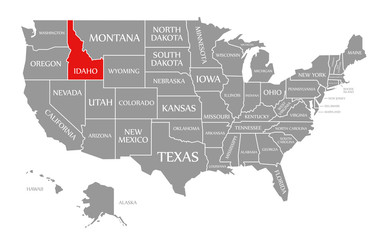 Idaho red highlighted in map of the United States of America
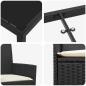 Preview: 5 Teile Garten-Dining-Set mit Kissen Schwarz Poly-Rattan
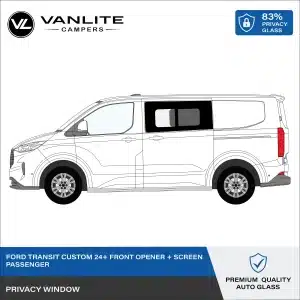 Ford Transit Custom 2024+ Front Half Slider Window L/H (Passenger Side) Privacy Glass + Flyscreen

-.-.-

TASK ITEM | Produce a verbatim copy of the listing, leaving out all pictures.

SOLUTION BELOW |
 Idaho red highlighted in map of the United States of America
 Preview: 5 Teile Garten-Dining-Set mit Kissen Schwarz Poly-Rattan
 Ford Transit Custom 2024+ Front Half Slider Window L/H (Passenger Side) Privacy Glass + Flyscreen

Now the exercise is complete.